:: Problem details ::
Find the line containing "Milla MM Pochette Damier Azur" in the records below. Copy exactly that line and each one after it, ending at the line containing "Wholesale Fast Delivery", and nothing more.

:: Record set ::
==*==

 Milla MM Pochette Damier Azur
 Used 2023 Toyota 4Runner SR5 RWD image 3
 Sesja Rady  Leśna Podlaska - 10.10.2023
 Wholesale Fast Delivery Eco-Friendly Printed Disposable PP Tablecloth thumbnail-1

==*==

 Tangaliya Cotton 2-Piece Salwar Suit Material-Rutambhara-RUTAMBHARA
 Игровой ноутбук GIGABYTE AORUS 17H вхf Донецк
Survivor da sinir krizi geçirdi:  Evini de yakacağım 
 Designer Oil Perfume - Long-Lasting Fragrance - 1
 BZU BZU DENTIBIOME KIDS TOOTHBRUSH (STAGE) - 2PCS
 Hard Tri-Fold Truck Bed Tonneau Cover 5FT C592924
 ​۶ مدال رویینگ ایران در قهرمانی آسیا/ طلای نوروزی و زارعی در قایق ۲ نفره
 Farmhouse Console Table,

==*==

:: Answer section ::
 Milla MM Pochette Damier Azur
 Used 2023 Toyota 4Runner SR5 RWD image 3
 Sesja Rady  Leśna Podlaska - 10.10.2023
 Wholesale Fast Delivery Eco-Friendly Printed Disposable PP Tablecloth thumbnail-1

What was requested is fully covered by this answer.